## Exercise instructions
Output the data below only from the line containing "Item number 061350" up to and including the line containing "According to an", exact and with the pictures left out.

Start of Raw data

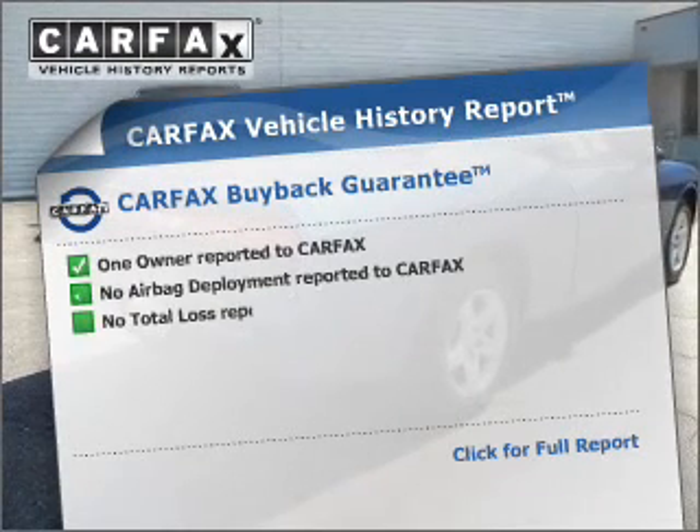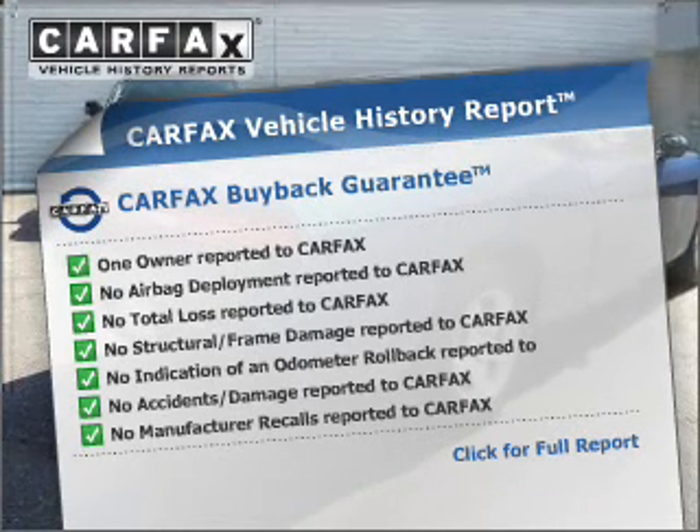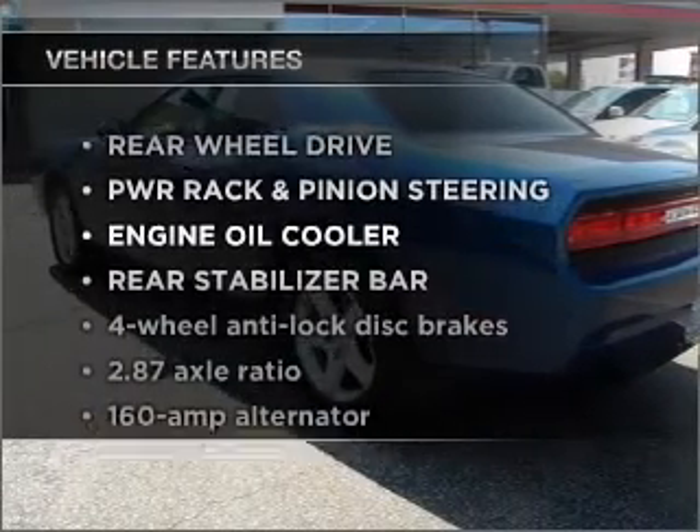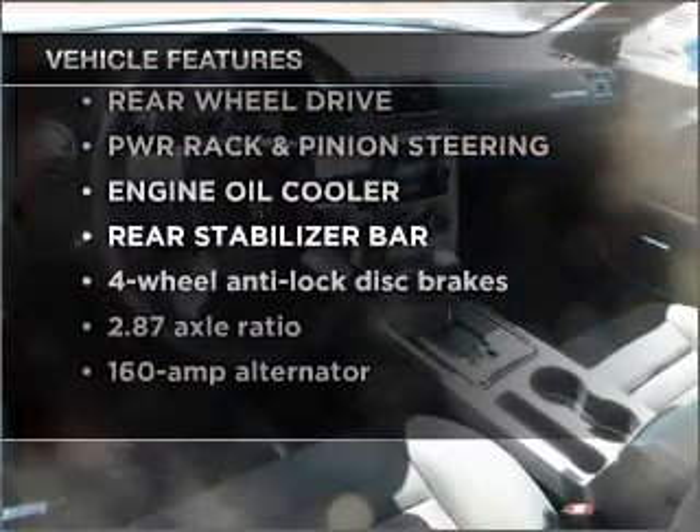An included Carfax Vehicle History Report allows you to purchase with confidence and the knowledge that your buy was a smart choice. And with these notable features, you won't want to miss out on the opportunity to own this amazing ride.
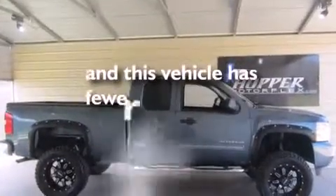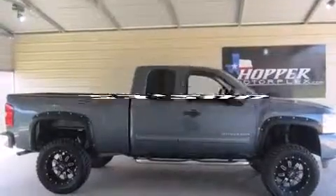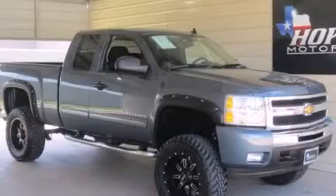This vehicle has fewer than 24,000 miles on the odometer. Call or visit us right now and arrange your test drive today.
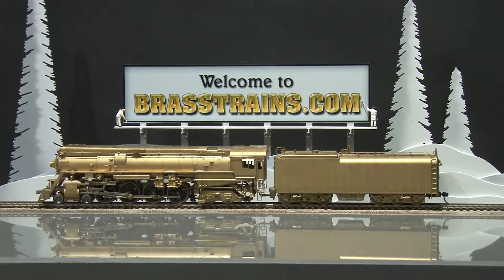Item number 061350 on Brasstrains.com is a Southern Pacific, Western Pacific 484 Class GS6 steam locomotive and oil tender. This is from Westside Model Company, built in Japan by Katsumi. This was part of a 1975 run. As you can see, it is unpainted, has an open frame motor, there are no operating lights and no back head detail.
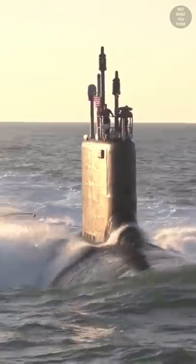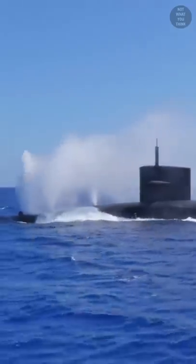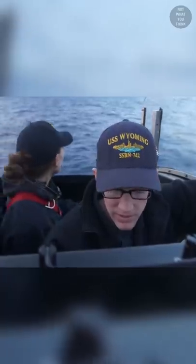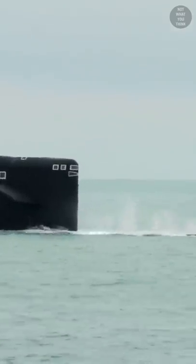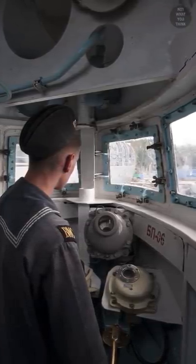When American submarines are in transit between their port and their dive point, they move on the surface of the water, during which some personnel are in the open air at the top of the sail to help maneuver the sub. But Russian submarines have long transit times, and the harsh weather conditions they encounter — especially in the Barents Sea — demand that personnel stay in the enclosed space of the sail, which is why windows are needed.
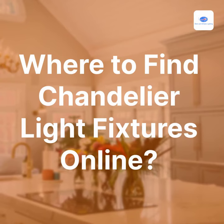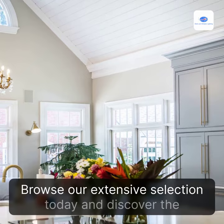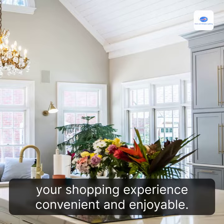Where to find chandelier light fixtures online? At Stars and Stripes Lighting, we offer a remarkable collection of chandelier light fixtures and chandelier lighting online. Browse our extensive selection today and discover the perfect chandelier to add elegance and charm to your space. With low prices and fast shipping, we make your shopping experience convenient and enjoyable. Visit our website to shop our collection of chandeliers now.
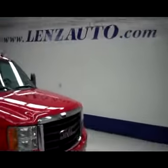If you haven't seen any pictures of this truck, all you have to do is visit our website at www.lenzauto.com.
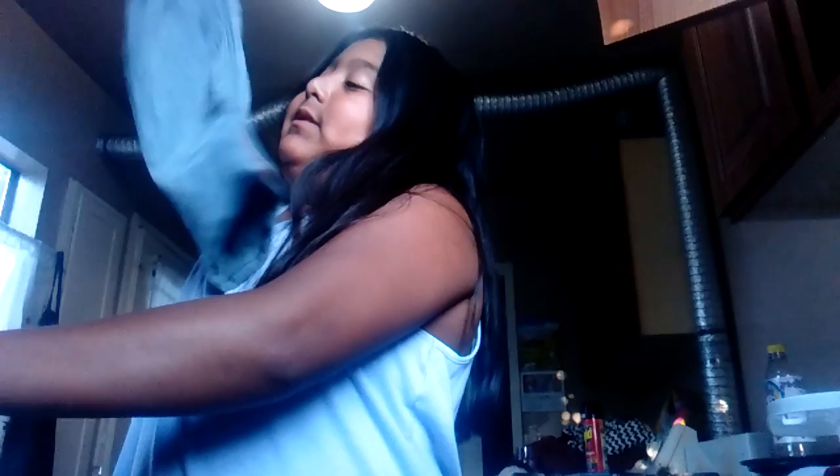First I'm going to start with my jeans. I just have three new jeans. This one is from Target — it's just a green one.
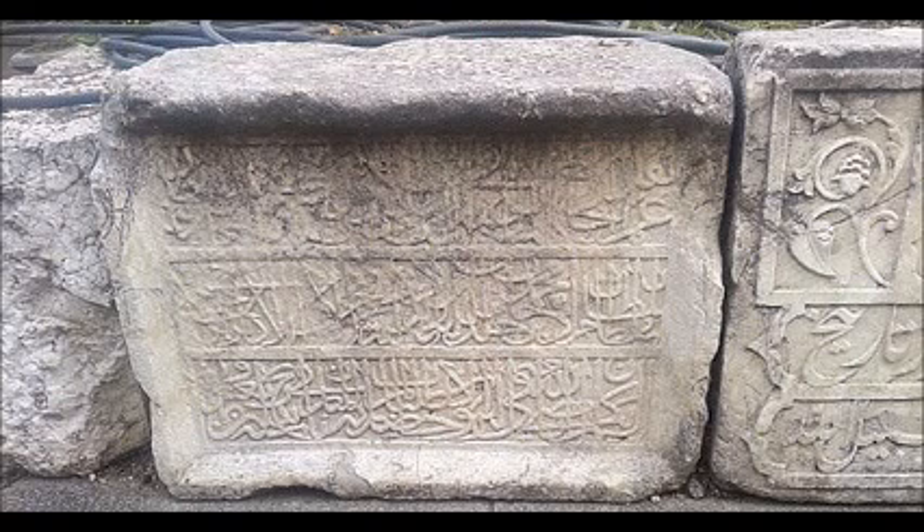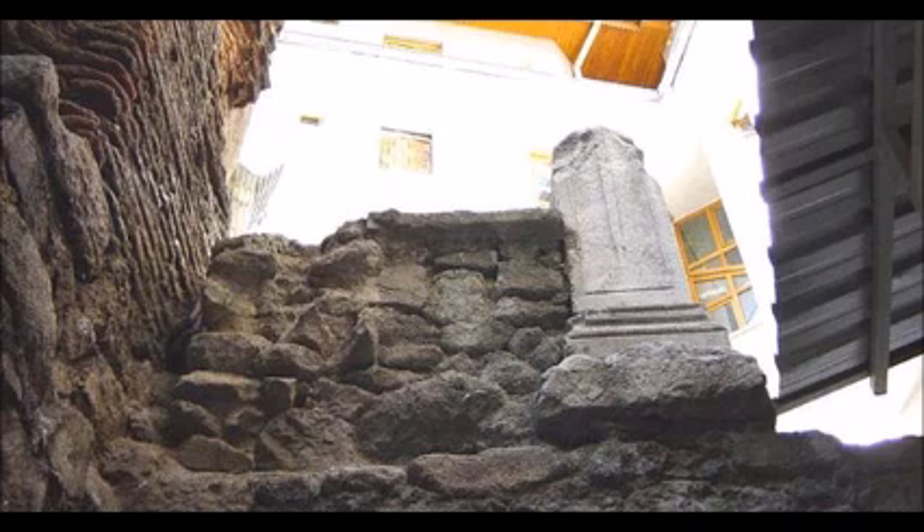According to an article on the archaeology website Archaeophilae, Ankara, whose known history dates back at least 1,000 years, has been home to many civilizations, including the Byzantines. But the church, the last remnant from the Byzantine era in the city, appears set to disappear from the pages of history.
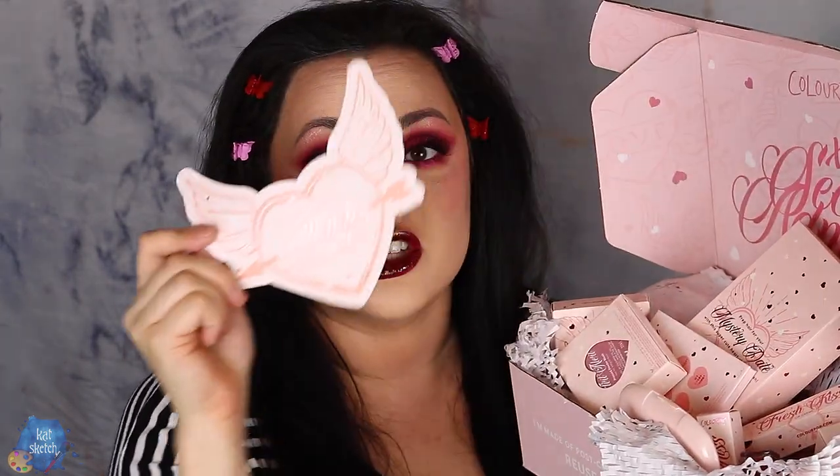Speaking of those lip creams, they recently came in this ColourPop Valentine's Day collection package. The packaging is so cute — it looks like early 2000s tattoo designs mixed with old school Valentine's Day cards that we used to put in our little kitty classroom Valentine's Day boxes. That's what these remind me of. I'm wearing this collection today. This eyeshadow palette is amazing — it's probably in my top three all-time favorite makeup palettes.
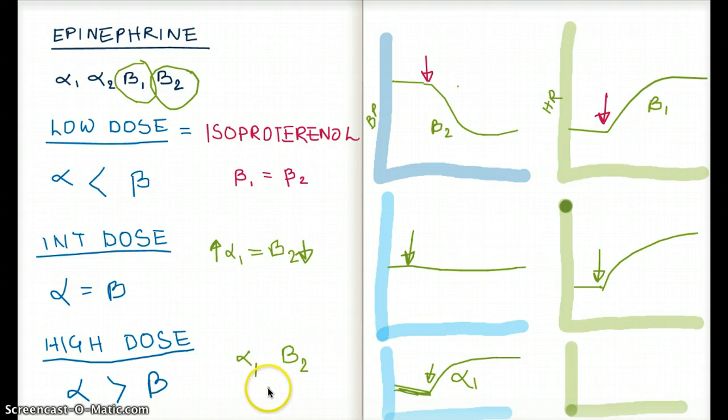Now for heart rate at high dose: alpha dominates over beta, so beta-1 does not increase heart rate as much. Because blood pressure is rising and beta-1 is not strongly stimulated like at low dose, the heart compensates for the increased blood pressure by dropping heart rate. At high dosage, epinephrine works like norepinephrine — if you were to draw a heart rate or blood pressure graph for norepinephrine, it would look exactly like the high-dose epinephrine graphs.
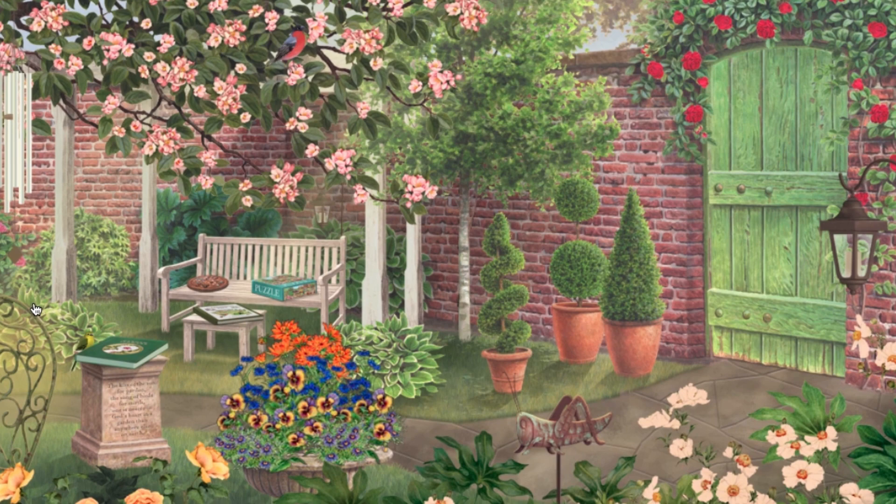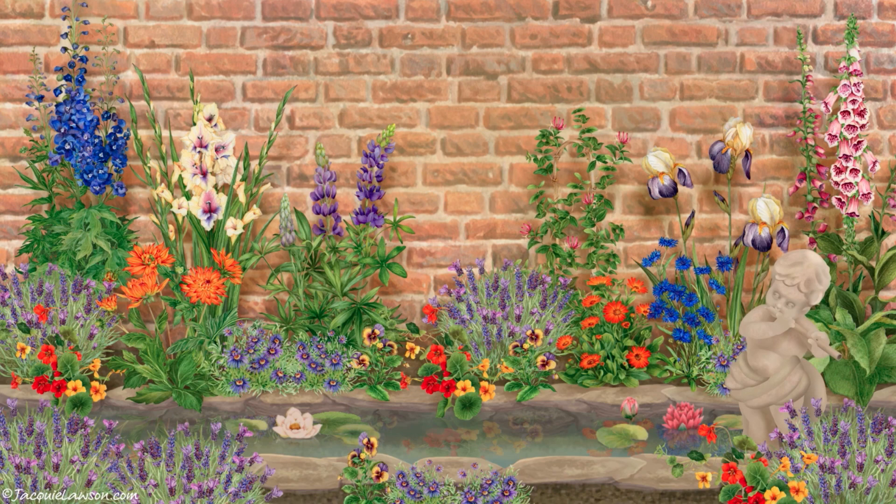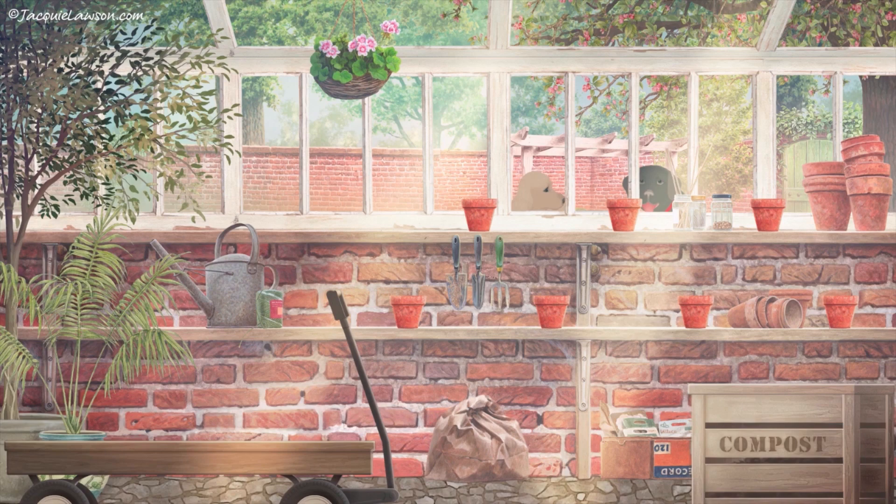The Jackie Lawson English Garden works on your iPad or other compatible tablet or in a web browser on PC or Mac. Unlike our advent calendars, it doesn't start on a specific date — you can start it whenever you like.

End of Raw data

## Your solution
Item number 061350 on Brasstrains.com is a Southern Pacific, Western Pacific 484 Class GS6 steam locomotive and oil tender. This is from Westside Model Company, built in Japan by Katsumi. This was part of a 1975 run. As you can see, it is unpainted, has an open frame motor, there are no operating lights and no back head detail.
When American submarines are in transit between their port and their dive point, they move on the surface of the water, during which some personnel are in the open air at the top of the sail to help maneuver the sub. But Russian submarines have long transit times, and the harsh weather conditions they encounter — especially in the Barents Sea — demand that personnel stay in the enclosed space of the sail, which is why windows are needed.
Where to find chandelier light fixtures online? At Stars and Stripes Lighting, we offer a remarkable collection of chandelier light fixtures and chandelier lighting online. Browse our extensive selection today and discover the perfect chandelier to add elegance and charm to your space. With low prices and fast shipping, we make your shopping experience convenient and enjoyable. Visit our website to shop our collection of chandeliers now.
If you haven't seen any pictures of this truck, all you have to do is visit our website at www.lenzauto.com.
First I'm going to start with my jeans. I just have three new jeans. This one is from Target — it's just a green one.
According to an article on the archaeology website Archaeophilae, Ankara, whose known history dates back at least 1,000 years, has been home to many civilizations, including the Byzantines. But the church, the last remnant from the Byzantine era in the city, appears set to disappear from the pages of history.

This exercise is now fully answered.